Shame and Victmization in Rushdie and Mo

Noah M. Landow

Both Shame and Sour Sweet have an enormous number of victims and a small number of masters. Many individuals are victims of circumstance, government, and other groups of people. The Chens, for instance, are victims of the secret Triad societies and British culture in general. Harappa and Hyder are masters insomuch as they control the destiny of Peccavistan by governing it, and yet are also totally controlled, to the point of death, by the whims of the people, their own supporters, and the supernatural.

All characters in Mo and Rushdie are victims of their environment. Omar Khayyam Shakil is the victim of his mothers and his home town, his childhood environments. Hyder and Harappa are victims of politics and passion. The Chens are victims of the Hung family and their own neighbors. Mrs. Law, a friend of the Chen's, is a widow, and thus a victim of her husband's death. Mahmoud Bilquìs, the father of Bilquìs Hyder, was killed when a bomb was detonated in his movie theater while showing two movies aimed at opposite religious sects. The victimization of characters in Sour Sweet and Shame involves the concept of shame, the third and the most significant theme. Rushdie makes clear in his novel that there is a difference between the concept he calls shame and what we think of as shame. By shame, he means the word sharam. This word, in his native Pakistani, possesses an enormous number of connotations. It means not only our concept of shame, but also that of "embarrassment, discomfiture, decency, modesty, shyness, the sense of having an ordained place in the world, and other dialects of emotion for which English has no counterparts" (p. 35). In the culture about which Rushdie writes, sharam plays a leading role. As Rushdie explained in a New York Times Book Review interview with Michael T. Kaufman: "There are two axes----honor and shame, which is the conventional axis, the one along which the culture moves, and the other axis of shame and shamelessness, which deals with morality and the lack of morality. ŒShame' is at the hub of both axes" (quoted in Contemporary Authors (Detroit: Gale Research, 1984), p. 413).
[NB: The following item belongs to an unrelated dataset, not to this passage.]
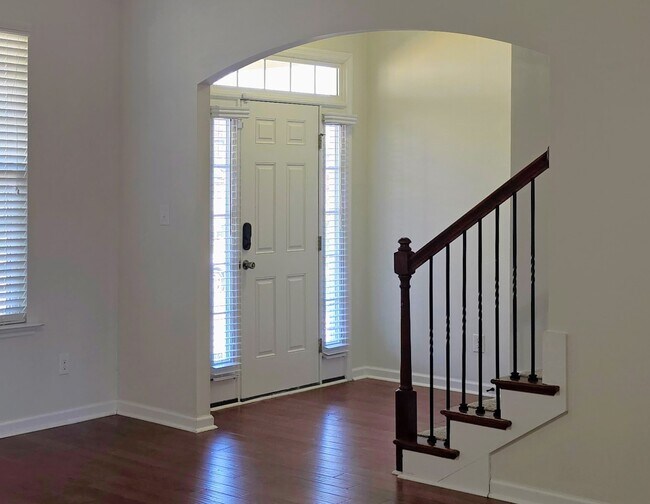 Building Photo - 752 Whitney Pass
Shame is a theme central to both Sour Sweet and, of course, Shame. In the works of both Mo and Rushdie, the characters are motivated greatly by shame. For example, in Shame, Sufiya Zinobia's entire life centers on shame. She is often referred to as a sponge that absorbs all the unfelt shame in the world, and her blushes are a symptom of her feeling others' shame. In Sour Sweet, disrespectful or nontraditional acts by her family and acquaintances often shame Lily Moon, or Mrs. Chen. Her beliefs and opinions are strongly influenced by her notion of what is proper, and "what is proper" is merely what is not shameful.